[DATA — start]
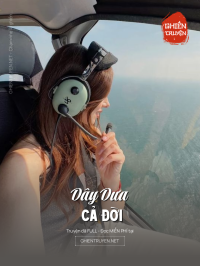 Dây Dưa Cả Đời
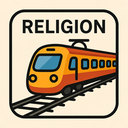 icon_religion_train_technical icon preview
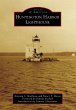 Huntington Harbor Lighthouse (eBook,... - Bild 1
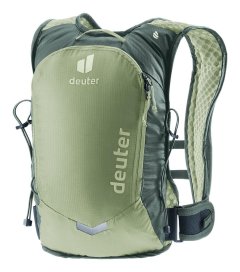 Deuter Rogla 5 Grove-Ivy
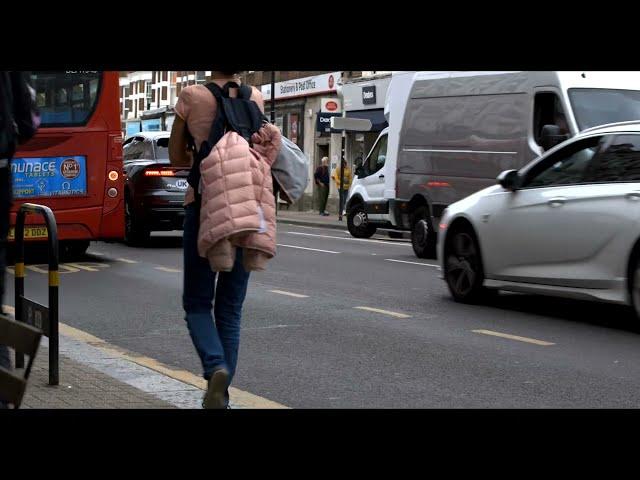 crouch end 08 2022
[DATA — finish]
BRIEF ->
Give back the data exactly. Skip any images.

REPLY TO THE EXERCISE ->
 Dây Dưa Cả Đời
 icon_religion_train_technical icon preview
 Huntington Harbor Lighthouse (eBook,... - Bild 1
 Deuter Rogla 5 Grove-Ivy
 crouch end 08 2022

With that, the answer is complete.